Menurut beberapa penelitian, pemahaman gender secara proporsional memang sudah berkembang pesat di kalangan mahasiswa di perguruan tinggi. Meskipun masih ada padangan serta pemahaman lain tentang gender di kalangan mereka. Hal ini terbukti masih ada sebagian lain mahasiswa yang mengartikan sensitive gender sebagai kepekaan, keberpihakan dan kepedulian terhadap kesetaraan gender. Sementara yang lainnya memahami gender dengan perbedaan perlakuan dan ketidakdilan gender. 
Pemahaman istilah gender sama dengan jenis kelamin atau seks masih ada, namun relatif sedikit di kalangan mahasiswa. Melihat kenyataan ini, jelaslah bahwa Perguruan Tinggi yang didominasi oleh kalangan mahasiswa ataupun mahasiswi sudah berkembang suatu pemahaman gender yang proporsional, yakni pola relasi secara sosial antara laki-laki dan perempuan dalam kehidupan serta pergaulan. Hal ini menjadi modal utama bagi perguruan tinggi serta mahasiswa untuk menumbuh-kembangkan wacana gender dalam kehidupan sehingga mampu memberikan suatu pemahaman yang proporsional ke tengah-tengah kehidupan masyarakat.

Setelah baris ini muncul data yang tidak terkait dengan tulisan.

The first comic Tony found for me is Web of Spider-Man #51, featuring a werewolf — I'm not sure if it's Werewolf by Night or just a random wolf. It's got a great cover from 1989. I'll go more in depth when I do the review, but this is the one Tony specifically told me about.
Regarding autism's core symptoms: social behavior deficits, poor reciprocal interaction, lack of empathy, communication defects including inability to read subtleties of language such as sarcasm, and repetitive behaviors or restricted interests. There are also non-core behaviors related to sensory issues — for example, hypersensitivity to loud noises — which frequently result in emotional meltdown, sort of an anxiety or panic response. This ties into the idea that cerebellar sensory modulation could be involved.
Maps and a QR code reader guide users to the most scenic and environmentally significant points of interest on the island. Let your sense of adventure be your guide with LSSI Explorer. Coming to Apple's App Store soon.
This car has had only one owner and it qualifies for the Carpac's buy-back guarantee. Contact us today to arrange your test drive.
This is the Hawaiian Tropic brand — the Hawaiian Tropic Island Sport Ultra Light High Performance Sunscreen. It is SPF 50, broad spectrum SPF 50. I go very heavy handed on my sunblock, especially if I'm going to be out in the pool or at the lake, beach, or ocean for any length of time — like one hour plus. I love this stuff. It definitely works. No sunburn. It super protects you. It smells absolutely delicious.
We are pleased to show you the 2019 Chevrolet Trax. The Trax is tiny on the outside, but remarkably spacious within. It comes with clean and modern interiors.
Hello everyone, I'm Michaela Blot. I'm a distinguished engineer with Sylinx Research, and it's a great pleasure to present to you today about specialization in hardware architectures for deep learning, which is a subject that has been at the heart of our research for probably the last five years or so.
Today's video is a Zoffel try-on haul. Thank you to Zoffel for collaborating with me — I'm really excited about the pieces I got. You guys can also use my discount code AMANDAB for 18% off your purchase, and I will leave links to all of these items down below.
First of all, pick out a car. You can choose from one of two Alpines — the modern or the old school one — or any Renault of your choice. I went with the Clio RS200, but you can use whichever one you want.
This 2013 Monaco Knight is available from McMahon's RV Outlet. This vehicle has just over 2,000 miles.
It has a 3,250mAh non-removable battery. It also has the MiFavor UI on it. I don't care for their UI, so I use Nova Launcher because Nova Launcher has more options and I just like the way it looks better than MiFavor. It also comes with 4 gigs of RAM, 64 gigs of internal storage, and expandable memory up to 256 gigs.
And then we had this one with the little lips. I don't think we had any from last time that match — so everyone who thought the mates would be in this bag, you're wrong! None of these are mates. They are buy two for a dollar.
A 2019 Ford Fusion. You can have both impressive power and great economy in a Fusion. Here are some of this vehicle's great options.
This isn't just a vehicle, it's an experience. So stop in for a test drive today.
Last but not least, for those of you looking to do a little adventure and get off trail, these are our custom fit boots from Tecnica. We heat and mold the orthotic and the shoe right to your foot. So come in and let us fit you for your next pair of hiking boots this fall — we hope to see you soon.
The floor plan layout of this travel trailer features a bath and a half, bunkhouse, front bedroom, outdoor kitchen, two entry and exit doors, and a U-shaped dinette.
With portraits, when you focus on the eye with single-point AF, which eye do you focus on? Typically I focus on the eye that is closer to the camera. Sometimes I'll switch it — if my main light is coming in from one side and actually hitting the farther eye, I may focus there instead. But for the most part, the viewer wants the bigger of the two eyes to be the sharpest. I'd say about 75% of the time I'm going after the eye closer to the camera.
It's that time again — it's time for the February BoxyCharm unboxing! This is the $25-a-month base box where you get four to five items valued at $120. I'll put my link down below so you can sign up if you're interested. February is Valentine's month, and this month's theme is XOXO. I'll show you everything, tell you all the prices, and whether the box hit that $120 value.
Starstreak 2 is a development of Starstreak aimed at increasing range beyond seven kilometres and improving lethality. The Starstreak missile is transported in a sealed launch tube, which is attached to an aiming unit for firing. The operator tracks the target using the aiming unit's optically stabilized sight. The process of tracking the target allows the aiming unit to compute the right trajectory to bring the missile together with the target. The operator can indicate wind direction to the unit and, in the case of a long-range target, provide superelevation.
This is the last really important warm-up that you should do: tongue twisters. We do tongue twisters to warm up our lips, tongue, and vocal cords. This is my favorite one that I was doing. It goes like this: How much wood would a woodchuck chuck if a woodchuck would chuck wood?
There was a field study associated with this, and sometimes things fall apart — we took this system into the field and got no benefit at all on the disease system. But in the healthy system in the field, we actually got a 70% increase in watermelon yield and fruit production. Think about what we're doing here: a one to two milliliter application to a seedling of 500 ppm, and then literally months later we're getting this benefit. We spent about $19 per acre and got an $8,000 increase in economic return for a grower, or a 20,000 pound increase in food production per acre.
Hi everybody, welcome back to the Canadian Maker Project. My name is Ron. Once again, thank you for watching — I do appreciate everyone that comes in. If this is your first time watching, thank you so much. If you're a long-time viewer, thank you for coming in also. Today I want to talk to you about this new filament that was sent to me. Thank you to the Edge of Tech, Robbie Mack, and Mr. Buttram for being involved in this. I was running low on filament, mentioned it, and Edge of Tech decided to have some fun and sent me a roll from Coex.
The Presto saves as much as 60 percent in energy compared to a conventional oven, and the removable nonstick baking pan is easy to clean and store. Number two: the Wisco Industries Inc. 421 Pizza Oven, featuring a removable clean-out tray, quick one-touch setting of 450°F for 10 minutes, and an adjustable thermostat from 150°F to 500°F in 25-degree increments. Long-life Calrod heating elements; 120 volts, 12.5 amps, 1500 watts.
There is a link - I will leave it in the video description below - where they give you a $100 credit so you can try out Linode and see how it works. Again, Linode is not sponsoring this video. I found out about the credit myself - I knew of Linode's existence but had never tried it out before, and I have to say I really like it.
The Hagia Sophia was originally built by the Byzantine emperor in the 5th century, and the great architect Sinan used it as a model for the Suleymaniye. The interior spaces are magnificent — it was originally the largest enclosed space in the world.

Wacana ini menjadi penting karena pola relasi atau status sosial laki-laki dan perempuan masih terbelenggu di tengah-tengah kehidupan masyarakat. Adapun faktor penyebabnya ialah kurangnya upaya orang-orang yang memiliki kesadaran gender dalam mentransformasikan pemahaman gender kepada masyarakat. Jika pun ada, tetapi hanya terbatas pada kalangan tertentu, misalnya hanya kepada masyarakat yang telah rasional saja. Sedangkan masyarakat awam tidak tersentuh oleh pemahaman akan gender membuat budaya serta pemikiran yang bias gender terus berkembang di pikiran masyarakat. Oleh karenanya, perguruan tinggi yang merupakan lumbung ilmu pengetahuan dan pabrik pencetak kaum intelektual harus mampu menjadi aktor utama dalam memberikan sekaligus merubah pola pikir masyarakat yang masih awam dengan isu kesetaraan gender tersebut. Dengan begitu, mahasiswa yang digadang-gadang sebagai agen perubahan sosial benar-benar memiliki peran di tengah-tengah masyarakat, bukan saja untuk menyuarakan aspirasi kepada pemerintah dalam hal kebijakan-kebijakan yang anomali, tetapi juga dalam upaya mencerdaskan kehidupan masyarakat di tengah-tengah zaman yang telah terlanjur mendamba rasionalitas ini atau yang sering kita sebut sebagai zaman modern.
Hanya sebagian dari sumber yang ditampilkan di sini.